Issue
Im trying to insert over 200k rows to sql database, each row represent a card info(70+ string field). Within a Large TXT File. I'm (new Java Developer) facing a quite hard time in this, My approach:
- read File
File file = ReadFile.loadCardFile(pathName);
- convert File to stream
Stream<String> cardsStream = new BufferedReader(new InputStreamReader(new FileInputStream(file), ("UTF-8"))).lines());
- get each line in string array (the card info splitted by '|' and may or maynot that field is spaced)
cardsStream.forEach(s -> {
String[] card = Arrays.stream(s.split("\\|")).map(String::trim).toArray(String[]::new);
- insert each line (card data)
numberOfRows = insertCardService.setCard(card, numberOfRows);
- setCard is to map row data to its columns then I save each card
CardService.save(Card);
with this approach it takes up to 2h which is really really Long time
Is there any advice to better approach or could you provide me with links to read code it better?
oh btw I want to use batch insert to shorten time significantly but I think my way of reading the file is wrong!

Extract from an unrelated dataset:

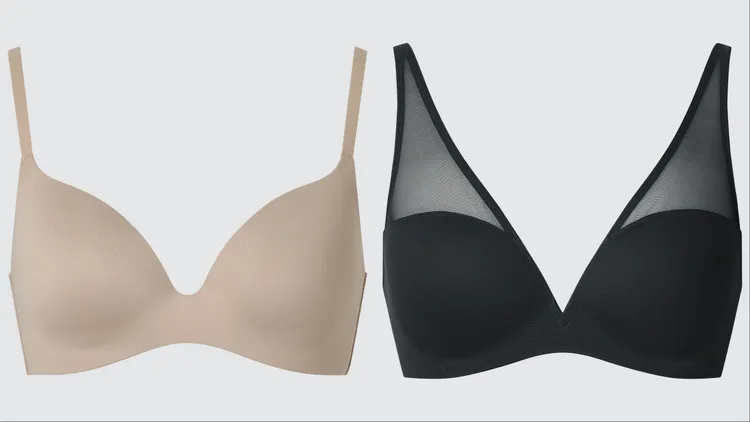 UNIQLO無鋼圈美型胸罩，限定價各590元。品牌提供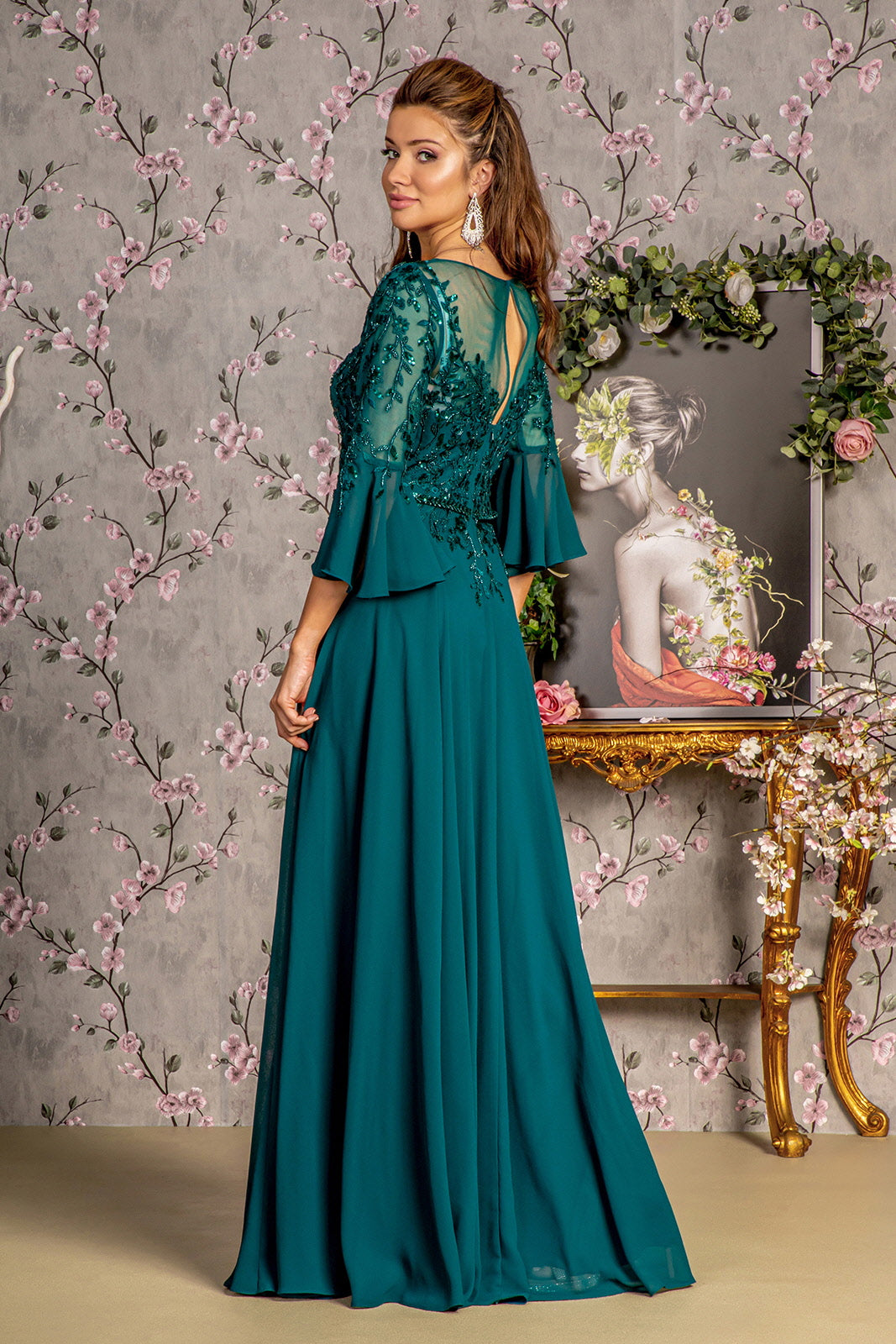 embroidered chiffon dress MARYUM AND MARIA Chiffon Dress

Thanks in advance!!
Solution
JPA is the wrong tool for this kind of operation. While it is probably possible to make it fast with JPA it is unnecessary difficult to do this. JPA works best in a workflow where you load some entities, edit some attributes and let JPA figure out which exact updates are necessary. For this JPA does a lot of caching which might cost considerable resources.
But here it seems you just want to pump some relevant amount of data into the database. You don't need JPA to figure out what to do, it's all insert. You don't need JPAs cache.
I recommend Springs JdbcTemplate
or NamedParameterJdbcTemplate
.
This probably already speeds up things considerable.
Once that works consider the following:
- Batch inserts, i.e. sending just one statement to the database. See https://mkyong.com/spring/spring-jdbctemplate-batchupdate-example/ Note that some database need special driver argument to properly handle batch updates.
- Doing intermittent commits. In general commits cost performance, because it forces databases to actually write data. But to long transaction might cause trouble as well, especially when the database is doing other stuff as well and in case of errors/rollbacks.
- You need more control over your batches, take a look at Spring Batch.
Answered By - Jens Schauder